On Mon, Aug 29, 2022 at 02:13:12PM +0800, Ziyang Zhang wrote:
> On 2022/8/29 13:40, Ming Lei wrote:
> > On Wed, Aug 24, 2022 at 01:47:39PM +0800, ZiyangZhang wrote:
> >> If one rq is handled by io_uring_cmd_complete_in_task(), after a crash
> >> this rq is actually handled by an io_uring fallback wq. We have to
> >> end(abort) this rq since this fallback wq is a task other than the
> >> crashed task. However, current code does not call io_uring_cmd_done()
> >> at the same time but do it in ublk_cancel_queue(). With current design,
> >> this does work because ublk_cancel_queue() is called AFTER del_gendisk(),
> >> which waits for the rq ended(aborted) in fallback wq. This implies that
> >> fallback wq on this rq is scheduled BEFORE calling io_uring_cmd_done()
> >> on the corresponding ioucmd in ublk_cancel_queue().
> > 
> > Right.
> > 
> >>
> >> However, while considering recovery feature, we cannot rely on
> >> del_gendisk() or blk_mq_freeze_queue() to wait for completion of all
> >> rqs because we may not want any aborted rq. Besides, io_uring does not
> >> provide "flush fallback" machenism so we cannot trace this ioucmd.
> > 
> > Why not?
> > 
> > If user recovery is enabled, del_gendisk() can be replaced with
> > blk_mq_quiesce_queue(), then let abort work function do:
> > 
> > - cancel all in-flight requests by holding them into requeue list
> >   instead of finishing them as before, and this way is safe because
> >   abort worker does know the ubq daemon is dying
> > - cancel pending commands as before, because the situation is same
> >   with disk deleted or queue frozen
> 
> The problem is: we cannot control when fallback wq is scheduled.
> So we are unsafe to call io_uring_cmd_done() in another process.
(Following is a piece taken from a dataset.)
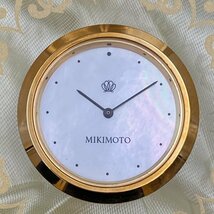 G0326R71 MIKIMOTO ミキモト 置時計 置き時計 時計 クォーツ　シェル文字盤　パール　真珠　未使用箱付き不動_画像3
What is the other process?

It can't be fallback wq since any ublk request is aborted at the beginning
of __ublk_rq_task_work().

It shouldn't be the process calling ublk_cancel_dev(), since it is
safe to call io_uring_cmd_done() if ubq->nr_io_ready > 0.

Or others?

> Otherwise, there is a UAF, just as
> (5804987b7272f437299011c76b7363b8df6f8515: ublk_drv: do not add a
> re-issued request aborted previously to ioucmd's task_work).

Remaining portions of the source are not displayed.